Table 4.1 shows men were more likely to be contributing to a private pension (33.6%) than women (27.4%). For both survey periods, occupational defined benefit ( DB) pension schemes were the most common type of private pension contribution; however the proportion of adults in Scotland contributing to a DB pension decreased by 3.8 percentage points in 2012/14 with this decrease equally felt by both men and women (both round 4 percentage points).Employees in the public sector are more likely to contribute to a private pension scheme than those in the private sector. In the public sector, occupational pensions are predominantly DB schemes, which tend to have greater wealth than defined contribution schemes.

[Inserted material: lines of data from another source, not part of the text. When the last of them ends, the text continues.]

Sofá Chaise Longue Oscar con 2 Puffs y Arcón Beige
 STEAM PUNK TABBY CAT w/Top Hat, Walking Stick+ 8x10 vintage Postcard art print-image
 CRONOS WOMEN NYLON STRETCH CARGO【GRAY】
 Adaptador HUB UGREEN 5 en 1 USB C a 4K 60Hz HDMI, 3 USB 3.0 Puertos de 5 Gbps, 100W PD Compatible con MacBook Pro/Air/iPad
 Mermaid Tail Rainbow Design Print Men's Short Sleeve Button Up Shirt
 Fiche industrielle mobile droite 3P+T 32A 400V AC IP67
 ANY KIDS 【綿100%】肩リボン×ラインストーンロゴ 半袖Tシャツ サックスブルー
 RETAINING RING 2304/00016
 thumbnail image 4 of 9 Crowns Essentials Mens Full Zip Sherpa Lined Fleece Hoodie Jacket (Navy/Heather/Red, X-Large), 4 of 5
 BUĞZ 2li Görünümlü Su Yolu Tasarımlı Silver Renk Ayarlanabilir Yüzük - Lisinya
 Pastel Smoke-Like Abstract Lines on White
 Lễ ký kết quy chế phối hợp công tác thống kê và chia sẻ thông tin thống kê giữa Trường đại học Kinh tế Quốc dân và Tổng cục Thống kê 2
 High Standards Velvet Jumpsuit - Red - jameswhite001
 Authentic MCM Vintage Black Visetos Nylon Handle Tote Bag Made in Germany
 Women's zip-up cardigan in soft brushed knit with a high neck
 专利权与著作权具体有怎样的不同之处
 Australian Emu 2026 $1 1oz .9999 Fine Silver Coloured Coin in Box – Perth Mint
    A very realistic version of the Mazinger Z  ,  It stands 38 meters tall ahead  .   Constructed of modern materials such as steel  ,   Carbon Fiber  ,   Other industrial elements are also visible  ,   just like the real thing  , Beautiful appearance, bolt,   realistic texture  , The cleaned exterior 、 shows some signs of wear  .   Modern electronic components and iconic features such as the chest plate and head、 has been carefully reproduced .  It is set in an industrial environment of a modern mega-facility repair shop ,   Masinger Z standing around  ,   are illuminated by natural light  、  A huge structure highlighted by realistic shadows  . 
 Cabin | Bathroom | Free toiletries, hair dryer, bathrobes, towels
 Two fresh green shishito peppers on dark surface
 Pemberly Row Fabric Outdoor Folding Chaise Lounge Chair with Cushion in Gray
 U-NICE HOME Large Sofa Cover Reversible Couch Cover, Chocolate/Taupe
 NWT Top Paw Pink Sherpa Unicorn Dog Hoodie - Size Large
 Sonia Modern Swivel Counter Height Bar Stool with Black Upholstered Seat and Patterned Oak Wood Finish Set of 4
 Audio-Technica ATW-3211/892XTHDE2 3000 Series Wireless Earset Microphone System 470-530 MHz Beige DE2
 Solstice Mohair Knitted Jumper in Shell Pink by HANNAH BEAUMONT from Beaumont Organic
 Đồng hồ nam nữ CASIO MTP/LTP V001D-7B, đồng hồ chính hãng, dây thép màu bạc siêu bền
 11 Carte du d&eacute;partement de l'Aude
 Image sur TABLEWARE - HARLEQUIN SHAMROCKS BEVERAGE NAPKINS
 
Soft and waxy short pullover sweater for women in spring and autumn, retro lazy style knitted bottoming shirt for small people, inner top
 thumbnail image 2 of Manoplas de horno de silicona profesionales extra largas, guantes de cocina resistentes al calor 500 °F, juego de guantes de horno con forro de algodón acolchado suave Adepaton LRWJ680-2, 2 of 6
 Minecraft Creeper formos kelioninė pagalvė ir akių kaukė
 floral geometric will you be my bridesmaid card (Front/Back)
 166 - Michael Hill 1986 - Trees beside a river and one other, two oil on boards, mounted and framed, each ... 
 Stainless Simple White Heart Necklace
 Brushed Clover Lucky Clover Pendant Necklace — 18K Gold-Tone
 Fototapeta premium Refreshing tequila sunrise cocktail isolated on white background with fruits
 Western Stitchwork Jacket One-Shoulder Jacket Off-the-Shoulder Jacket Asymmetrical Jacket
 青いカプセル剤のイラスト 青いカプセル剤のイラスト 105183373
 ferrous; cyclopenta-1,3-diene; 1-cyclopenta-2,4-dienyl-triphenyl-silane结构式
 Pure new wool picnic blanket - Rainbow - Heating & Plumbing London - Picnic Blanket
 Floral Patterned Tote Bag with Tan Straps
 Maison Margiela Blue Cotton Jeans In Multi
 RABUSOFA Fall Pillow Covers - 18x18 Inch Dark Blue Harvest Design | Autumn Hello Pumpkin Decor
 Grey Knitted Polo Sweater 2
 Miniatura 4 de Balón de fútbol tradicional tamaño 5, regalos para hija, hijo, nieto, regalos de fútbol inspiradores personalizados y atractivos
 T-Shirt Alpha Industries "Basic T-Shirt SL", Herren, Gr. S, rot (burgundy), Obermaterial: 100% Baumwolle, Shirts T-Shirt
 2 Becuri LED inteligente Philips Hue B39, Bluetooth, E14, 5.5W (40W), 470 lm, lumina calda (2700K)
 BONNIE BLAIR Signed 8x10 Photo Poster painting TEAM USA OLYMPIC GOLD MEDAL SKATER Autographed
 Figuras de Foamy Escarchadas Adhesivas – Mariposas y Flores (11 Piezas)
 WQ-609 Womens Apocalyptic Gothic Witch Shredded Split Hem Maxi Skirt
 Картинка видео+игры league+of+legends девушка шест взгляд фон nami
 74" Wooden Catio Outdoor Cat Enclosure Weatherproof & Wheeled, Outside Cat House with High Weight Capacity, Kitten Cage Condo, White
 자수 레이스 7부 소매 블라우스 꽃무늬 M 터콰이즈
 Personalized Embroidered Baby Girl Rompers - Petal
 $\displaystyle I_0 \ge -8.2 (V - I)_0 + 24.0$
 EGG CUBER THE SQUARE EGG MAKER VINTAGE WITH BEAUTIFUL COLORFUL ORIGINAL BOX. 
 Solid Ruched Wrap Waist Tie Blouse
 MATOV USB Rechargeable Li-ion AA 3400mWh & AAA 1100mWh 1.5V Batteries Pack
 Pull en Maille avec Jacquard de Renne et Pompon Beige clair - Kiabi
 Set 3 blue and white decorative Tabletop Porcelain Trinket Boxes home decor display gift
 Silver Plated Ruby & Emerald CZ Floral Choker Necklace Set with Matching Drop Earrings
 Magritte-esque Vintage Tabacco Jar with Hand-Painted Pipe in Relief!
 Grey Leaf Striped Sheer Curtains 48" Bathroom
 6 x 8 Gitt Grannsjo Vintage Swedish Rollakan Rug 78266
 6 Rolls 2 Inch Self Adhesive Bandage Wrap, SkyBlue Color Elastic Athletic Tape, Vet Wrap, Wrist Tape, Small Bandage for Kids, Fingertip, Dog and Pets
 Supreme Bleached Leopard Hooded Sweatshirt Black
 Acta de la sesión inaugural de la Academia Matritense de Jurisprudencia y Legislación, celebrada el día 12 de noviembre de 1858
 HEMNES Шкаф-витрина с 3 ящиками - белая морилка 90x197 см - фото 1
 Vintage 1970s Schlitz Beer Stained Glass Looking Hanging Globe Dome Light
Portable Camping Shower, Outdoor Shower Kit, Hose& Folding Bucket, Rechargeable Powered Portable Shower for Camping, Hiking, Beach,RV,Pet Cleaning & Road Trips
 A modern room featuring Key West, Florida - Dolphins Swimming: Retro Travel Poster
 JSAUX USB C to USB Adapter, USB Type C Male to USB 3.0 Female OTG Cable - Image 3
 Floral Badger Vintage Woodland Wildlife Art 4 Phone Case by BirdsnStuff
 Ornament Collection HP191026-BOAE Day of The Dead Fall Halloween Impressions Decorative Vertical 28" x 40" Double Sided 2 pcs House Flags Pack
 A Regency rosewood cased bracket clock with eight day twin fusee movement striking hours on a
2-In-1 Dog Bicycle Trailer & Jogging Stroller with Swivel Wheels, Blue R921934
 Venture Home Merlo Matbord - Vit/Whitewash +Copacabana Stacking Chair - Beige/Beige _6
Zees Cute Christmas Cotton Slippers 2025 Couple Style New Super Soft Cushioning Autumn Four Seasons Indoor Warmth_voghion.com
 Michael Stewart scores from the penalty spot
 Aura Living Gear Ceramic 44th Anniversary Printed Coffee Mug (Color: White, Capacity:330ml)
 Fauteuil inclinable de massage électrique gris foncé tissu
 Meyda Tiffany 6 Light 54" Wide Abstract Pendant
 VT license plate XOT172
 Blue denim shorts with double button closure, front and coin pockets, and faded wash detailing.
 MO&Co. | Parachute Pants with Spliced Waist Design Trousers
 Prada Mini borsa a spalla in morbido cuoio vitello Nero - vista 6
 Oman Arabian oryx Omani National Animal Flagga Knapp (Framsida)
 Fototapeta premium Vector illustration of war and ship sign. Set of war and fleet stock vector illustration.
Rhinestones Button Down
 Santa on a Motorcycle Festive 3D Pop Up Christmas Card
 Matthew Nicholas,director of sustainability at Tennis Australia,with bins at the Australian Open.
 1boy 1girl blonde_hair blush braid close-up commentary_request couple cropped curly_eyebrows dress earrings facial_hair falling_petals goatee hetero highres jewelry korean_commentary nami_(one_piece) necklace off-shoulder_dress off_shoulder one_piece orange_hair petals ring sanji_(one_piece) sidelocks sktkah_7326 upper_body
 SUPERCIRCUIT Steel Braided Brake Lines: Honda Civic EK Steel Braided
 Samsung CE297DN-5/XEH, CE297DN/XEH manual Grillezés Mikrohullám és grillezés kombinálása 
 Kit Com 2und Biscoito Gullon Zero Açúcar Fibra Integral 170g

The decrease in public sector employment in Scotland, particularly for men, may have had an impact on the decrease in the number of people contributing to DB pensions in 2012/14 [15] .

Table 4.1 Percentage of individuals in Scotland aged 16 and over that currently contribute to a private pension scheme, by pension type and sex 2010/12 - 2012/14 [16]

2010/12 2012/14
Men Women All Men Women All
No current pension 62.9 68.9 66.0 66.4 72.6 69.7
Any type of pension 37.1 31.2 34.0 33.6 27.4 30.3
Occupational DB only 18.3 21.6 20.0 15.3 17.2 16.2
Occupational DC only 7.9 4.9 6.4 8.9 6.1 7.4
Personal pension only 7.9 3.1 5.4 6.6 2.6 4.5
More than one type 3.1 1.6 2.3 3.0 1.6 2.2

Source: Wealth and Assets Survey, ONS

The percentage of people contributing to a private pension scheme varies significantly by age. Table 4.2 shows less than 3% of those contributing to a private pension scheme in 2012/14 were young people (aged 16 - 24 years). In the latest wave, the age profile of those making contributions to a private pension has increased. In 2012/14, 53% of people making contributions to a private pension were 45 years or older - compared with 46% in 2010/12.

Table 4.2 Percentage of individuals in Scotland aged 16 and over that currently contribute to a private pension scheme, by age 2010/12 - 2012/14 [17]

2010/12 2012/14
16 - 24 4.4 2.9
25 - 34 22.8 19.6
35 - 44 26.8 24.4
45 - 54 30.1 33.3
55 - 64 15.4 18.3
65+ 0.6 1.6

Source: Wealth and Assets Survey, ONS

4.3 Property wealth (net)

Property wealth is the third most unequally distributed wealth component. Charts 4.5 and 4.6 show the distribution of property wealth across the population, and the share of property wealth by decile.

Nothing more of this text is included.